Nov 08, 2010 03:27 PM

Post developed in collaboration with Martin Lee, Senior Software Engineer

Our spam boxes are typically full of the usual suspects -- pharmaceutical spam, watch spam, relationship spam, and offers from the family members of ousted African potentates. The obvious solution is to create a block list of key words used in these spam messages. Unfortunately it isn’t that easy.
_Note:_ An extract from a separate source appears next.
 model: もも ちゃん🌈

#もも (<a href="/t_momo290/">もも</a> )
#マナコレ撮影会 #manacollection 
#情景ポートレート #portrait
Consider pharmaceuticals. While the vast majority of emails with pharmaceutical names are spam there are legitimate emails using these key words and in some industries, like health care, these key words are in use daily. Key word based spam filtering creates high numbers of false positives, putting legitimate emails into spam folders. Extending the health care example, these false positives can have any number of negative outcomes from missing a meeting with a pharmaceutical representative to direct impacts on patient care.
 

We have not used key word based spam filtering for many years precisely because of the problems of false positives. Our spam filtering consists primarily of identifying the botnets that send spam and ensuring that these sources of spam do not send messages to our users. We have a large honeypot network that analyses current spam in circulation and generates signatures derived from these spams. We use these signatures to detect and block spam sent to our customers. The vast majority of these signatures are URLs or phrases unique to advanced fee fraud emails, single key words are not used as signatures.

We also use Symantec's spam signature system, Brightmail, to further filter email. Again, this primarily uses signatures derived from URLs and phrasing found in current spam rather than key words.
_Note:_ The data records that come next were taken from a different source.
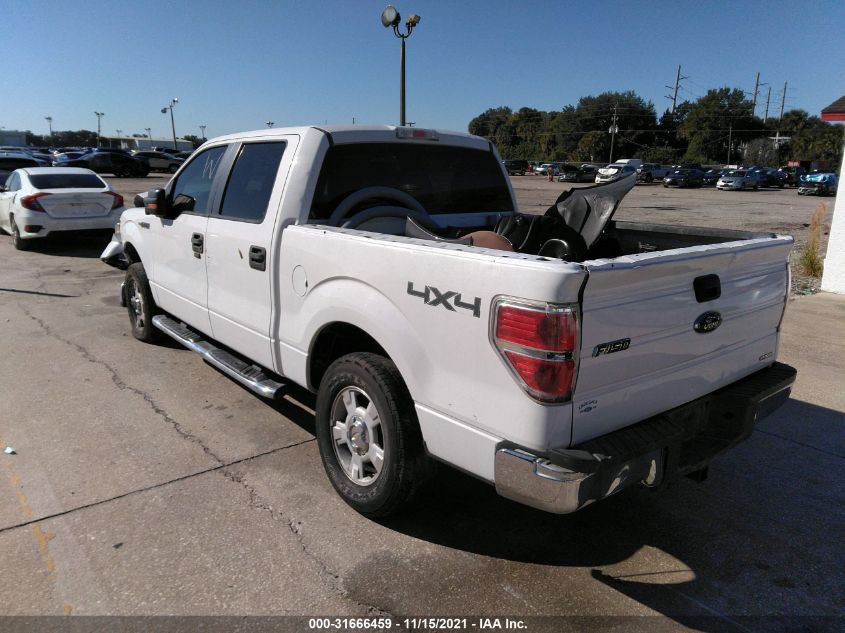 2012 Ford F-150 Xlt VIN: 1FTFW1EF7CFC50610 Lot: 31666459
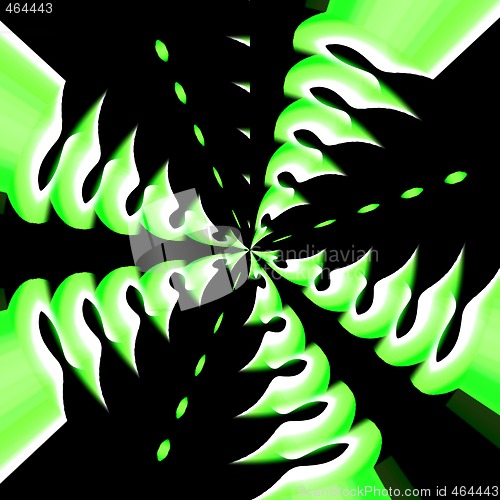 Image of Abstract 3d background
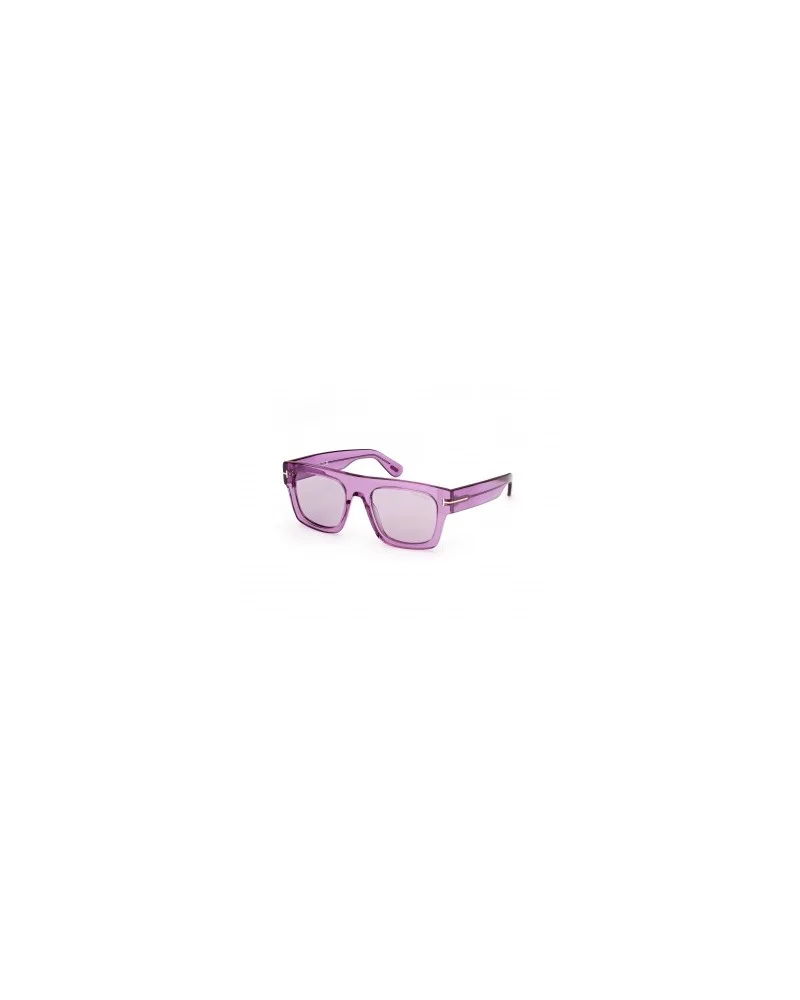 Tom Ford Ft0711 Fausto 81Y Purple Sunglasses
As an additional protection we have a spam heuristic system that we use to block persistent spam that evades our other methods of detection. In this system combinations of various rules are used to detect spam messages. Again, simple key word analysis is not used, however we do search for obfuscation attempts, therefore the string '\/i@gr.a' may trigger a rule. Each rule triggered adds to the score given to an individual email, once a threshold is reached the email is blocked as spam. 

These processes yield a stream of emails that is almost completely clean of spam with very few false positives. We typically exceed our spam blocking service level agreement of 99% by many orders of magnitude with accuracy rates for September of 0.000008% false positives –  1 in 12.5 million emails.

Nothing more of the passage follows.